I came across this question in a math textbook:
Prove that the vectors $a=3i+j-4k, b= 5i-3j-2k, c= 4i-j-3k$, are coplanar.
This was my attempt at a solution: If (a x b) x c = 0, then c is orthogonal to (a x b), so c is in the same perpendicular plane to (a x b) since (a x b) is perpendicular to both a and b, all three vectors are in the same plane perpendicular to (a x b). However, the problem is that the answer when using the formula doesn't equal to 0, which means that the vectors aren't coplanar. This means it's wrong because the logical conclusion of the proof is that the answer after using the formula comes out to zero.

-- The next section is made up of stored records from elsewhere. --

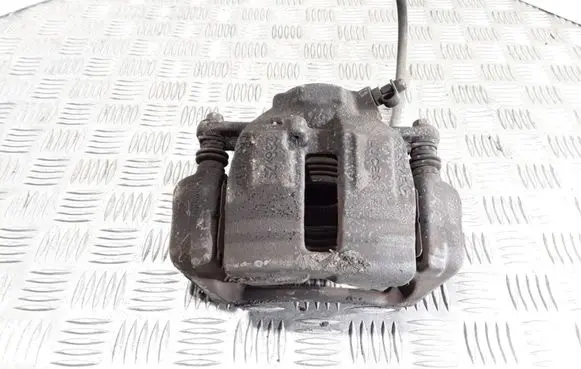 Mercedes-Benz C W203 Front brake caliper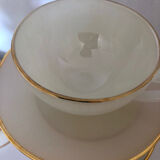 Arcopal 11 cup and saucer service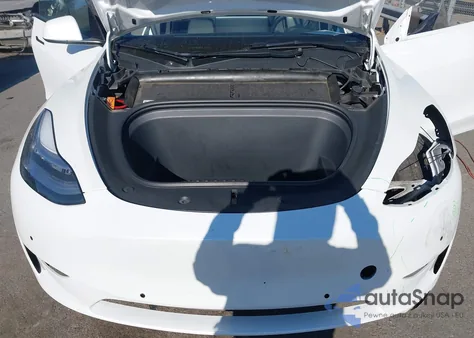 2022 Tesla Model Y Long Range Dual Motor All-Wheel Drive z USA, uszkodzony, nr VIN 7SAYGAEE1NF336521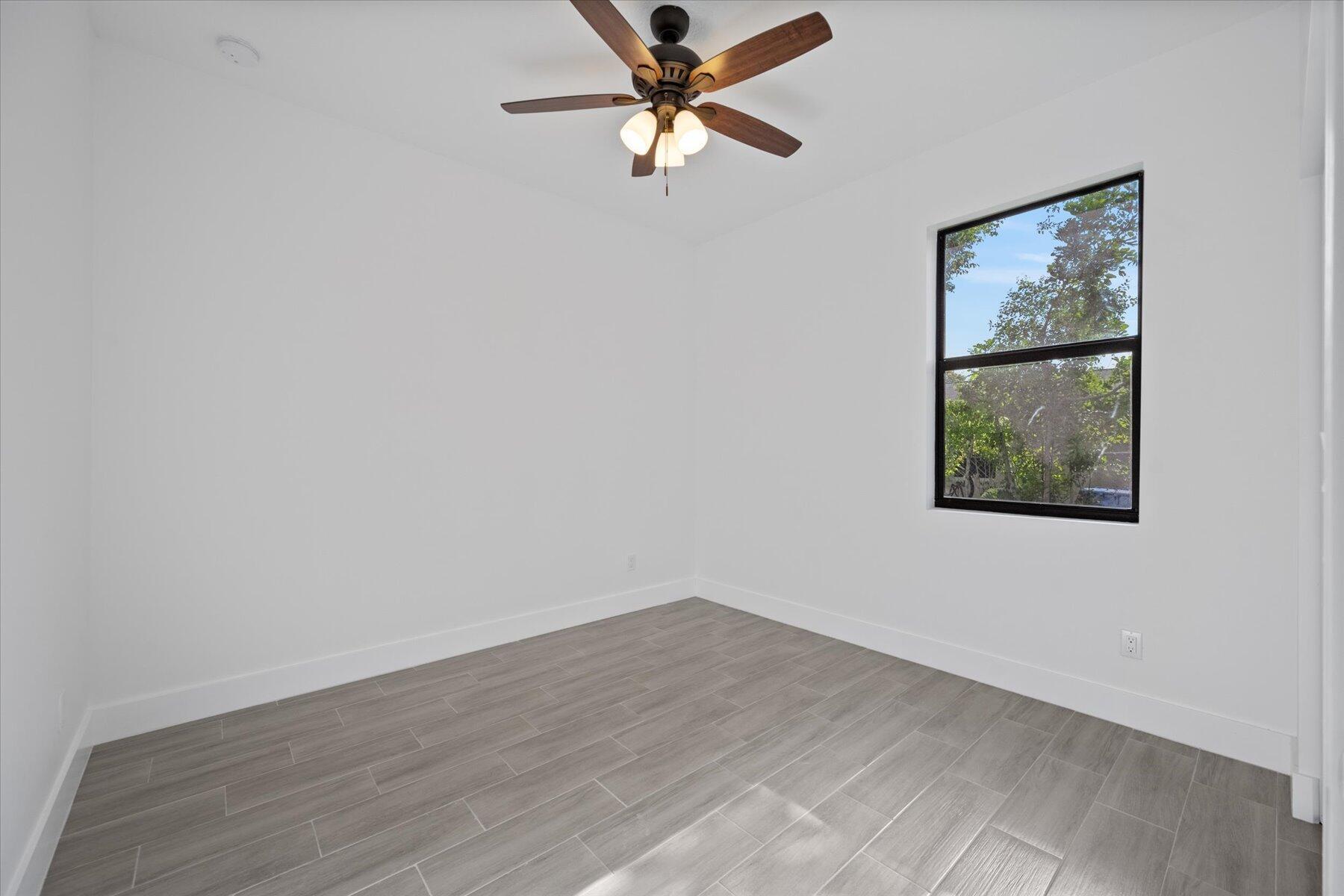 INLET GROVE - Residential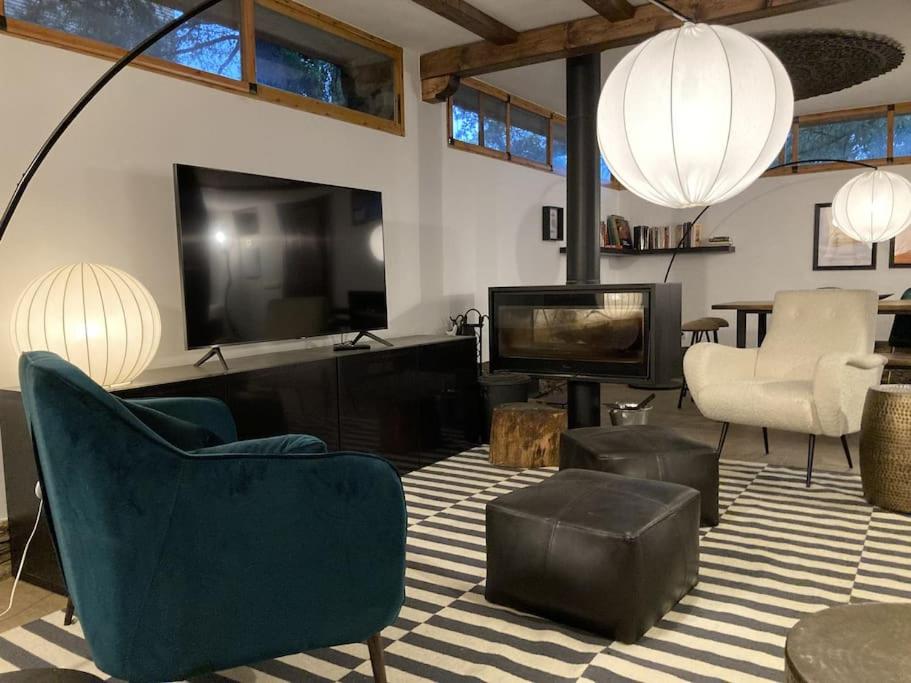 A seating area at La Amapola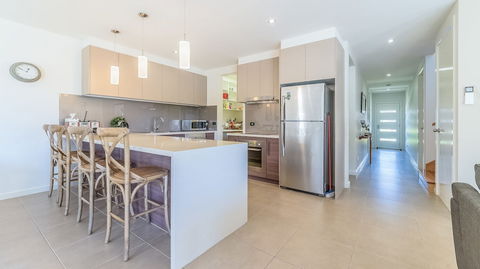 Birch Holiday House - Geraldton Accommodation 1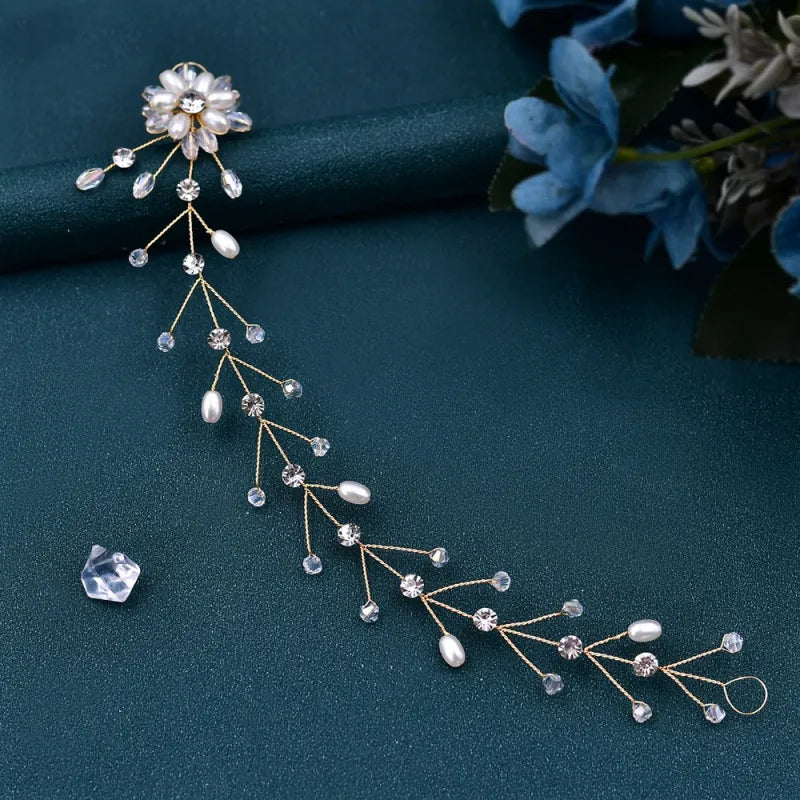 Schmuck Haarteil mit Perlen und Kristallen ⎜ Handgefertigter Haarschmuck für elegante Hochsteckfrisuren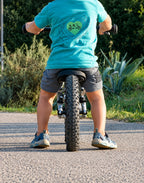 Child riding a TRAX BALANCE, seen from behind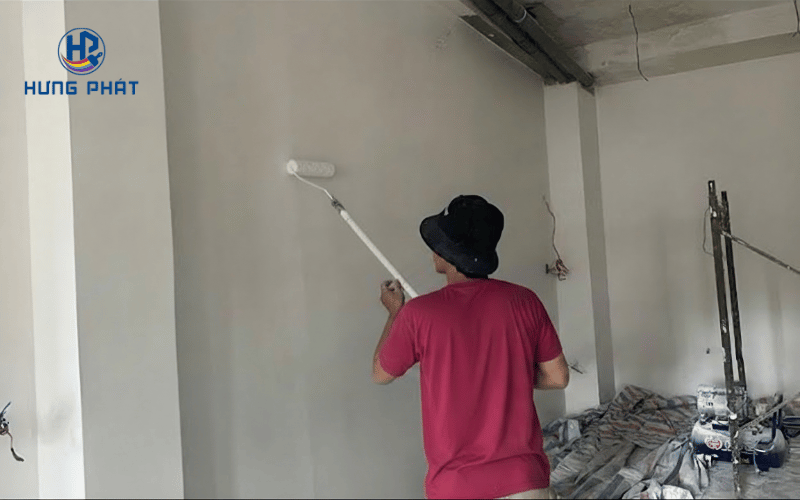 Thợ thi công lớp sơn phủ Maxilite M16 trên bề mặt tường nội thất đã xử lý Thợ thi công lớp sơn phủ Maxilite M16 trên bề mặt tường nội thất đã xử lý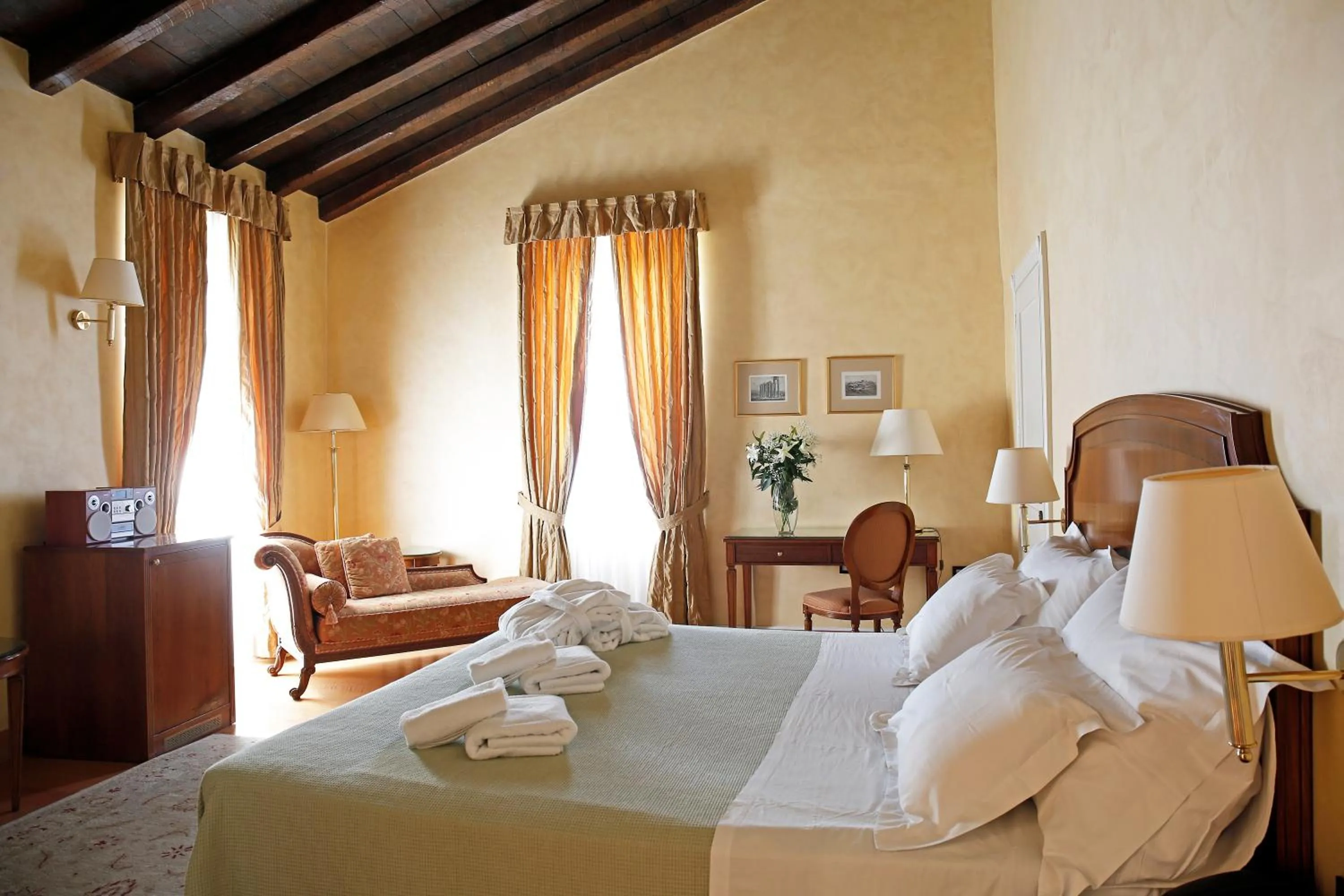 Bedroom, Bed in Siora Vittoria Boutique Hotel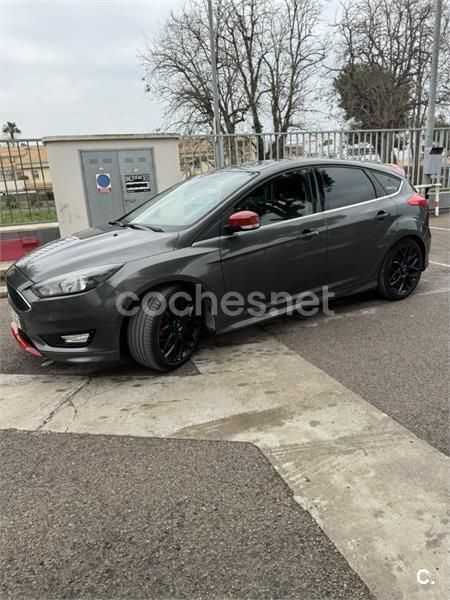 Gris / plata Usado 2015 Ford Focus Sport Berlina | 9800 € (Buen precio) - Imagen 1/4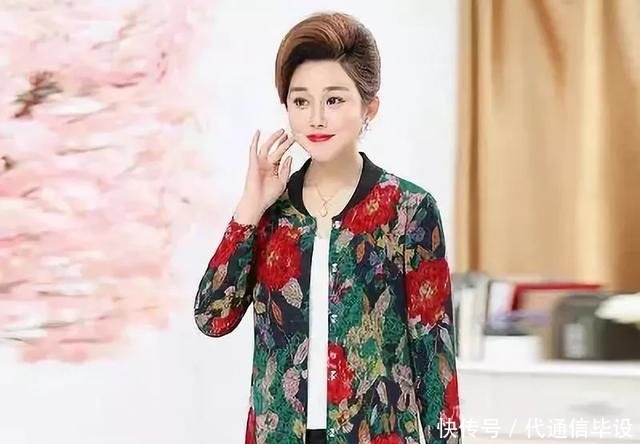 「女人」50岁女人别再穿妈妈装了,试试立体工艺T恤,时髦洋气又显嫩美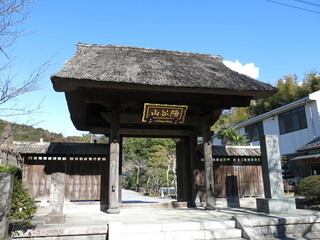 鎌倉市の龍宝寺（山門）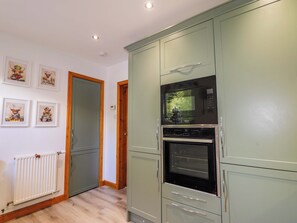 Dishwasher, cookware/dishes/utensils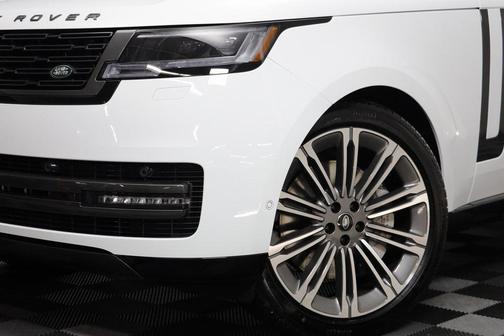 2025 Land Rover Range Rover P530 SE 7 Seat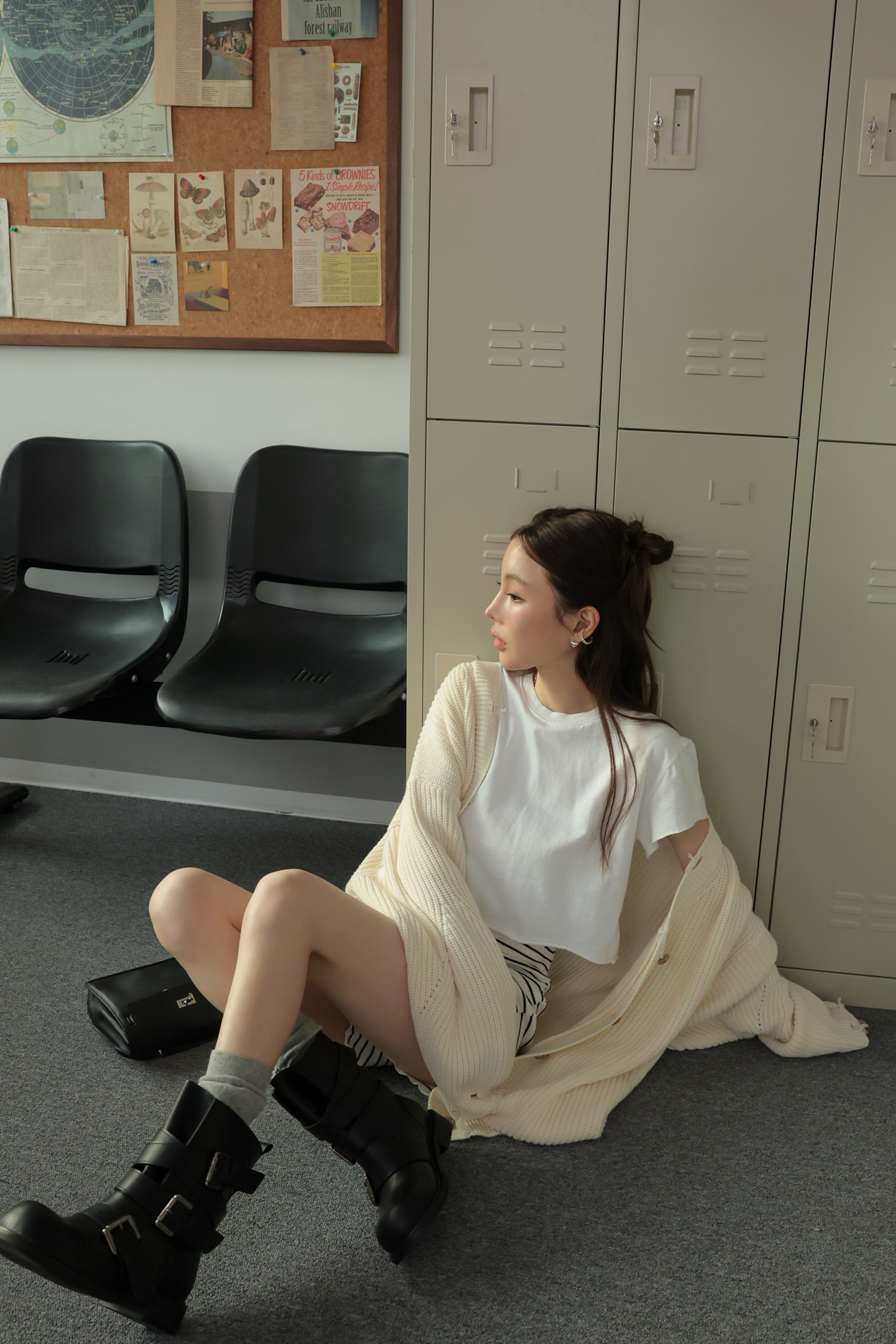 請包色捲捲邊短版T恤 HA24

Can someone show me the correct way to use this formula?
Best Answer
Remember that the definition of orthogonality (perpendicularity) is $\vec a$ is orthogonal to $\vec b$ if and only if $\vec a \cdot \vec b =0$.
$\vec a\times \vec b$ gives you a vector orthogonal to the plane of $\vec a$ and $\vec b$. Now you need to know if that vector is also orthogonal to $\vec c$. You don't want to use the cross product for that -- you want to use the dot product. So find $(\vec a\times \vec b)\cdot \vec c$. If that equals $0$, then $\vec c$ is in the same plane as $\vec a$ and $\vec b$.